--- What is needed ---
Print every line of the material below exactly as it stands, but omit the pictures.

--- Provided data ---
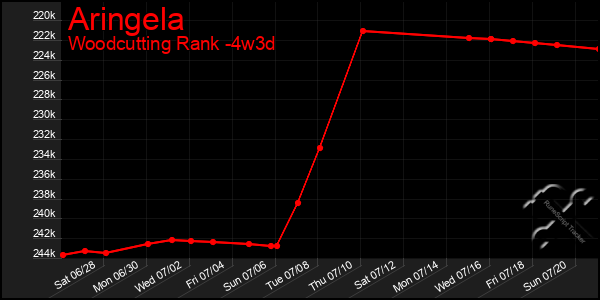 Last 31 Days Graph of Aringela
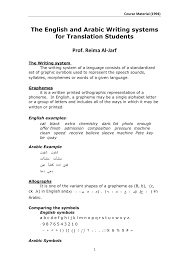 Learn how to say alphabet in arabic with usage example sentences, synonyms,. Pdf The English And Arabic Writing Systems For Translation Students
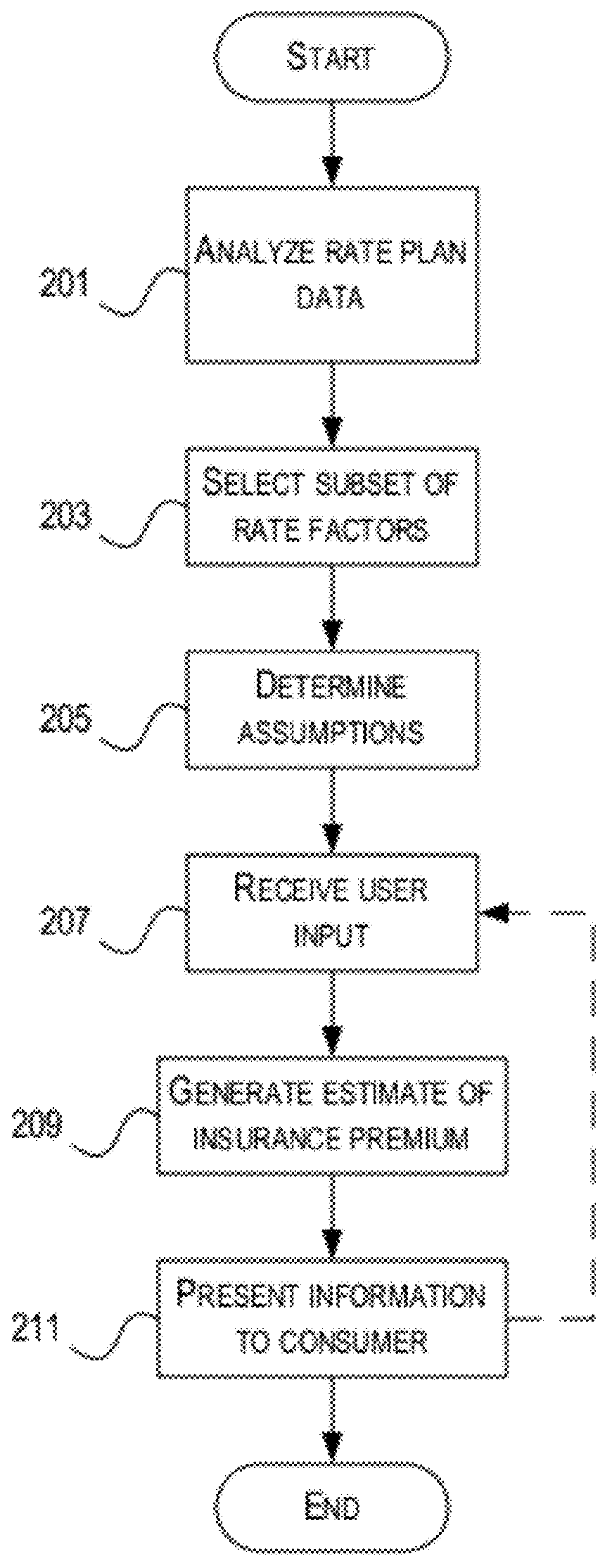 Real-time insurance estimate based on non-personal identifying information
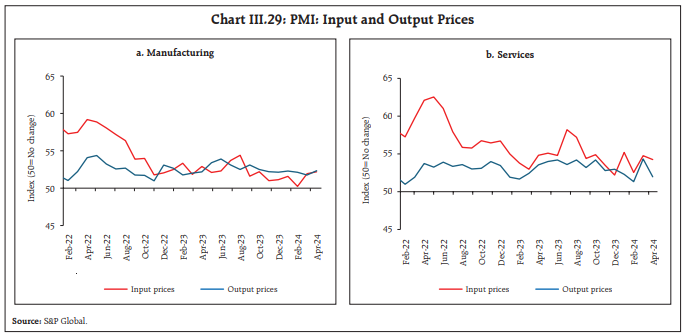 Chart III.29: PMI: Input and Output Prices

--- Response to this task ---
 Last 31 Days Graph of Aringela
 Learn how to say alphabet in arabic with usage example sentences, synonyms,. Pdf The English And Arabic Writing Systems For Translation Students
 Real-time insurance estimate based on non-personal identifying information
 Chart III.29: PMI: Input and Output Prices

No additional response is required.